Marie-Claire Idées - dossier spécial Ados (rebelles et qui se cherchent et qui parfois sentent le fauve)
Quand je suis rentrée chez mes parents la dernière fois, ma maman m’avait fait une surprise.
Envolée ma chambre d’ado, refaite avec mon père et mes boutons quelques jours après mes 17 ans.
A l’époque, la tendance déco avait un goût de chiotte. Le problème c’est que moi aussi. Du coup on s’entendait bien la tendance et moi.
Alors on accrochait des tentures partout. Indiennes, les tentures, avec des bordures dorées dans tous les sens. Je mettais de l’encens pour faire plus cool, et ça puait tellement que ma sœur pétait un câble à chaque fois.
Pour montrer qu’on était pas racistes, il fallait mettre des trucs africains un peu partout. J’étais pas du tout raciste. Mais alors pas du tout du tout. Ca dégueulait de statuettes africaines, si vous préférez mieux.
Ton rideau, il fallait que ça soit un voilage. Sinon t’étais vraiment pas dans le moove. J’en avais un orange. Pour aller avec le rouge le rose le bleu et le doré de la tenture.
Sur ma commode, il y avait une assiette avec du sable dedans. Bah oui quoi. Afrique, soleil, statuettes, sable. Normal. Avec un petit bout de bois dedans pour inscrire des lettres chinoises. Culture, pas raciste, la France c’est de la merde, Afrique, Chine, ailleurs, même combat quoi.
Et des bougies. Partout. Même mon cierge de première communiante que si ma grand-mère savait que ça m’avait aidé à allumer mes cigarettes à la tisane et mes joints elles se retourneraient dans sa tombe.
Le lit ? Par terre. Non mais on est pas des bourgeois attend, tu crois quand même pas qu’on va dormir sur un lit avec un sommier et des pieds alors que des enfants meurent de faim et qu’il y a presque plus d’arbres en Amazonie ?
Par terre donc, avec des coussins partout. Turquoise, vert anis et jaune, pour aller avec l’abat-jour mauve.

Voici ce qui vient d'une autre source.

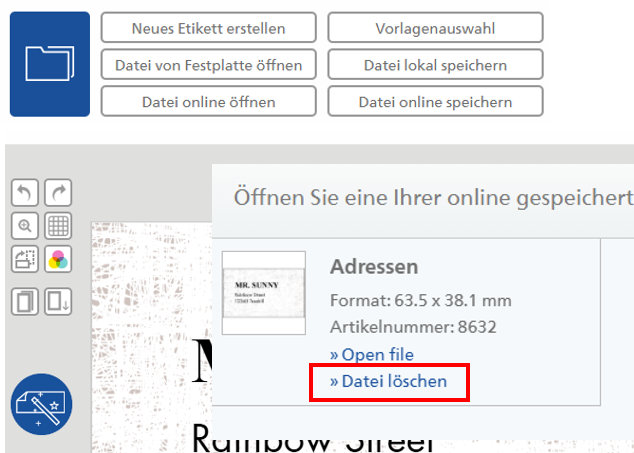 Feld mit Datei entfernen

Incrusté d’éclats de miroir, l’abat jour. Mais oui vous vous rappelez, à l’époque il y avait que ça. Des bouts de miroir incrustés dans les abats jour, les couettes, les nappes, les foulards, les sacs à mains, les pantalons, les portefeuilles. Six mois de plus et ça envahissait les serviettes hygiéniques. On l’a échappé belle.
J’avais une carte VIP chez Maison du Monde et une carte de membre chez Nature et Découverte. Je rêvais d’avoir une table basse dans ma chambre, et même que dessus je pourrai servir du thé à la menthe en faisant un gros jet très haut. J’aimais pas le thé à la menthe, ouais, et alors.
Je laissais traîner près de chaîne Hi-Fi mes CD de Bob. Ceux de Mariah Carrey ils étaient cachés en dessous.
Sur le mannequin sous la tenture, j’avais accroché des grandes écharpes, avec des pompons et des bouts de miroir. J’avais fait en sorte que ça fasse négligemment posé. Ca m’avait pris trois heures.
Kmille, en mode c’est-une-page-qui-se-tourne (mais maintenant ma piaule elle tabasse. Je vous raconterai. Ou pas.)